Beşiktaş seçime gidiyor. 3 Aralık'taki kongrede görünen iki adaylı seçime gidilecek.
1-Hasan Arat.
2-Serdal Adalı.
İlk sıraya Hasan Arat'ı yazmamın nedeni daha şanslı görmemden değil. İlk adaylığını açıklayan isim de ondan.
Hasan Arat adaylığını açıklar açıklamaz çalışmalara başladı. Yaptığı girişimleri takdir ediyorum. Üyelere kendini anlatmaya çalışıyor. Zaten tanıyan tanıyor. Anlatmaya çalıştığı projeleri.
Benim çok beğendiğim harekete Beşiktaş'ın önemli isimlerini işbirliğine çağırması. Örneğin futbolu iş adamı bilmem kime bağlamayacak. Samet Aybaba'yla görüşmüş. Metin, Ali, Feyyaz'la da. Diğer isimlerle de. Süleyman Oktay'ın başkanlığını yaptığı Beşiktaşlı eski sporcular derneğine de gidecek. Hem destek isteyecek, hem de seçilmesi halinde işbirliği çağrısında bulunacak.
Bunlar önemli adımlar.
Ne yazık ki Ahmet Nur Çebi yönetimi eski futbolculara yani futboldan gelenlere sırtını döndü. Mecbur kalmasaydı gider ayak da olsa Rıza Çalımbay'a görev falan vermeyecekti. Zorunluluktan oldu. Ama iyi oldu.
Hasan Arat Beşiktaş başkanlığına yakışacak bir isimdir. Başkan seçilmesi halinde başarılı olacağına ya da başarılı olmak için tüm gücüyle çalışacağına inanıyorum.
Gelelim Serdal Adalı'ya.
Onun da Beşiktaşlılığından kimsenin kuşkusu yoktur. O da başarılı olmak için elinden geleni ardına koymayacaktır.
Yalnız ben şu vaadine takıldım. "Talisca olmazsa iki büyük dünya yıldızı!"
Beşiktaş'ı daha da borçlandıracak böyle maceralara girmeye gerek var mı bilmem. Zaten borç gırtlakta. Önemli olan dünyaca ünlü (!) yıldız almak değil. Önemli olan doğru transferlerle doğru bir takım kurmak. Transferden önce kurulacak futboldan anlayan Beşiktaşlı isimlerin olduğu komiteyle araştırıp ondan sonra almak.
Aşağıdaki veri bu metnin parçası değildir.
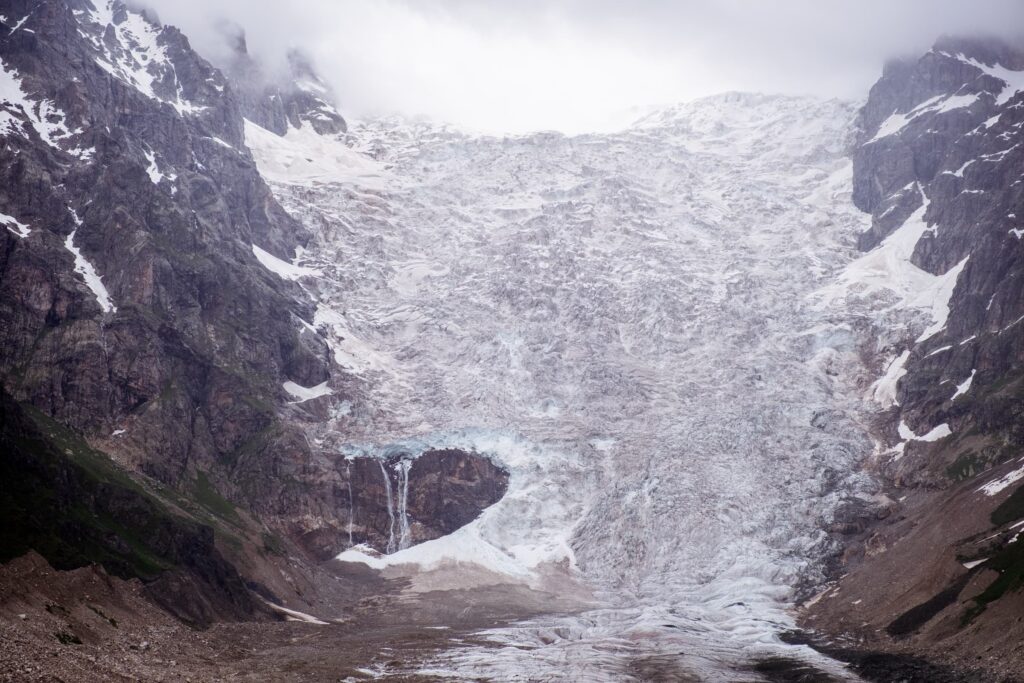 Closeup of Adishi glacier with broken away sections of glacier and waterfalls, Svaneti, Georgia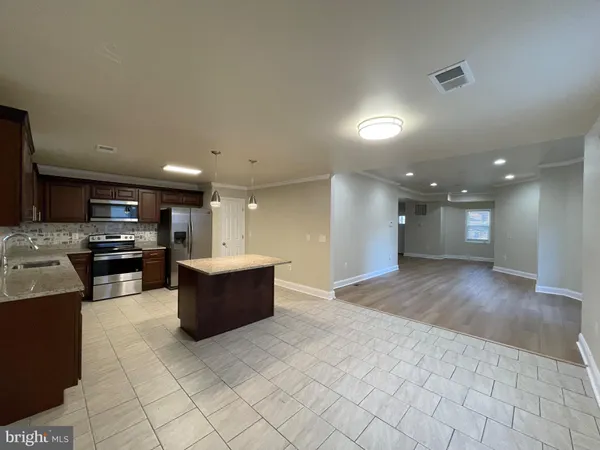 a view of kitchen with stainless steel appliances cabinets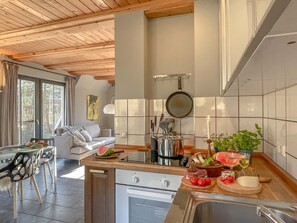 Une cuisine moderne avec un plafond en bois, un coin repas avec une table et des chaises blanches, et une vue sur l’extérieur grâce à de grandes fenêtres.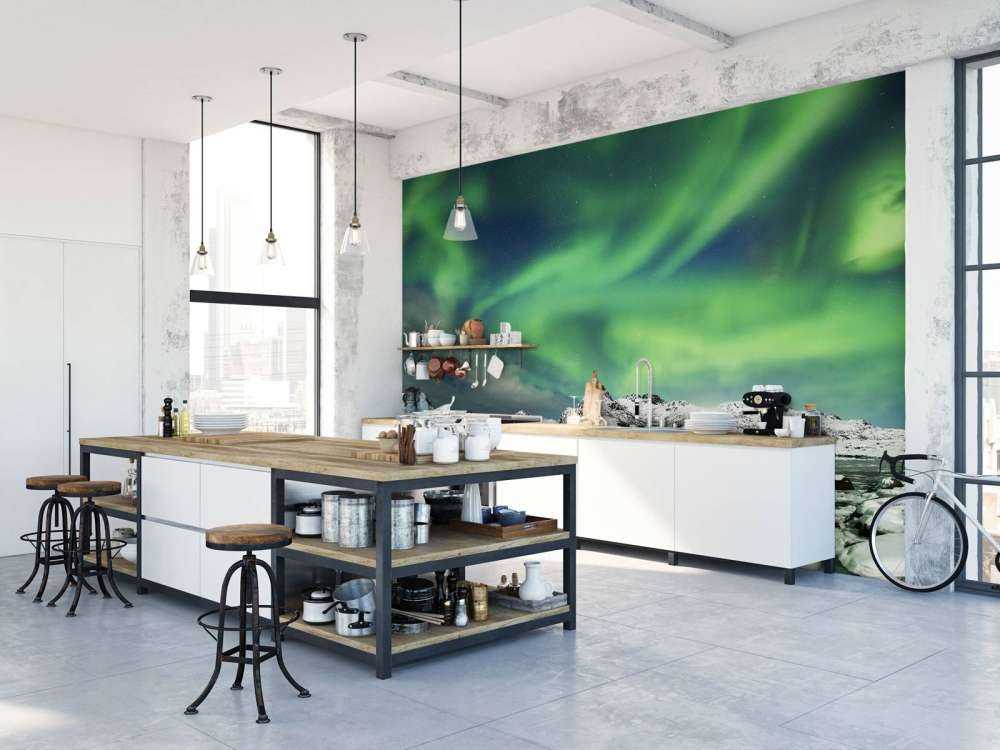 Northern lights above winter landscape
Sanırım Serdal Adalı seçim vaadi olarak yaptı bunu. Camiayı ve taraftarları heyecanlandırmak istedi.
Neyse... Ben Serdal Adalı'nın asıl seçim bombasına geleyim.
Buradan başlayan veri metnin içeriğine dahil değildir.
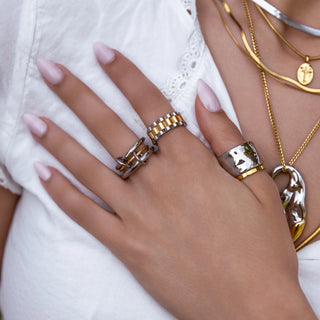Mixed-metal statement ring with bold sculpted design.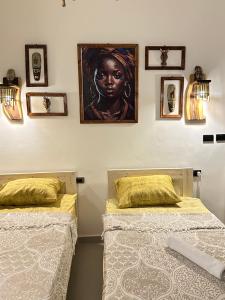 Postel nebo postele na pokoji v ubytování Noah House Dahab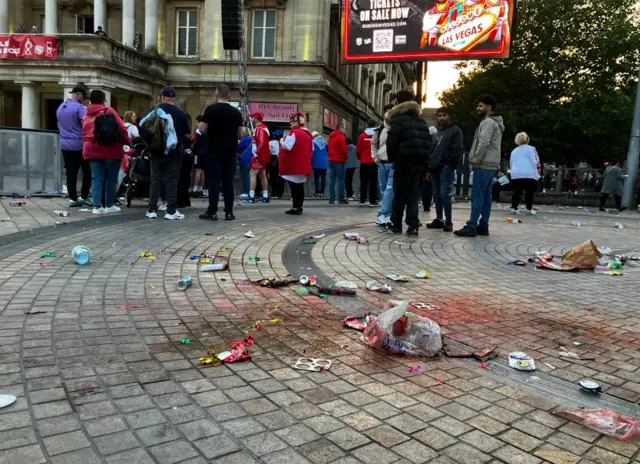 A shot of rubbish on the floor with a carrier bags and bottles in the foreground and people standing around in the background.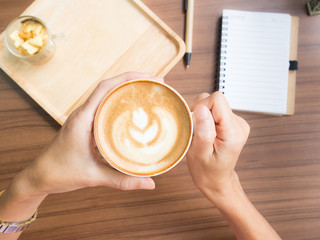 Two hands of woman holding a cup of latte coffee.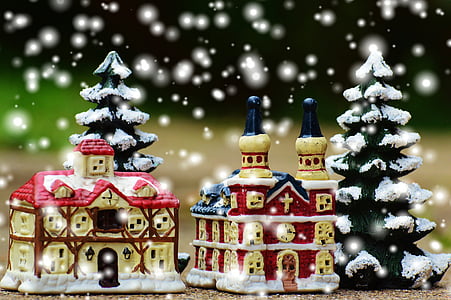 two brown-and-red ceramic house miniatures beside snow covered pine trees thumbnail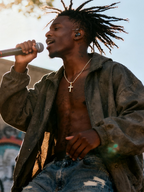 Close-up of a man wearing the Own Your Bloom 14K diamond cross pendant with palm tree background, Phoenix.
Serdal Adalı'yı başkan adayı olması için ikna etmek isteyenlerin başında Metin Keçeli geliyordu.
Metin Keçeli biliyorsunuz; Süleyman Seba'nın ilk başkan seçilmesinden son anına kadar yanında olan isimdi ve sağ koluydu. Fazla reklamını yapmaz. Ama Beşiktaş başarısız olduğunda uyuyamaz! Sanıyorum Serdal Adalı'yla Beşiktaş'ın başaracağına inanmış olmalı ki; onun içindi bu ısrar.
Serdal Adalı da sonunda;
- Sen varsan olur. Yoksa olmam; demiş.
Metin Keçeli de zorunlu olarak "Kabul" karşılığını vermiş.
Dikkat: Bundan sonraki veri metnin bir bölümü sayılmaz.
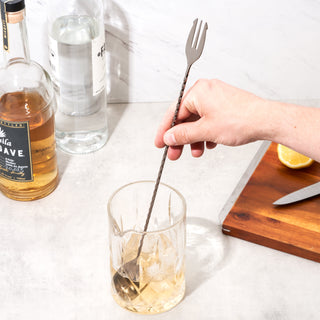 BAR MIXING SPOON WITH TRIDENT TIPPED END - The fork tipped end of our bar spoons make it easier for you to spear the perfect garnish to cap your cocktails. Cocktail stirring spoons will elevate your home bartending with panache.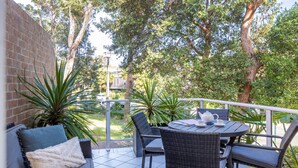 Une terrasse extérieure avec des meubles en osier, une table avec une théière et des plantes en pot.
Bir süredir Bodrum'daki evinde yaşayan Metin Keçeli, bunun üzerine yarın sabah ilk uçağa biletini almış. İstanbul'a geliyor.
Efsane geri dönüyor yani. Serdal Adalı'ya hem oy potansiyeli (Keçeli ailesinin oy toplamı bir hayli fazla), hem de yöneticilik tecrübesiyle çok şey katacağı ortada. Keçeli ismi ibreyi Adalı'ya kaydırabilir.
Sonuçta diyeceğim şu. Beşiktaş pırıl pırıl iki Beşiktaşlı adayla seçime gidiyor. Bakalım hangisi kazanacak? Görünen şu ki hangisi kazanırsa kazansın Beşiktaş asla bugünkünden daha kötü olmayacak.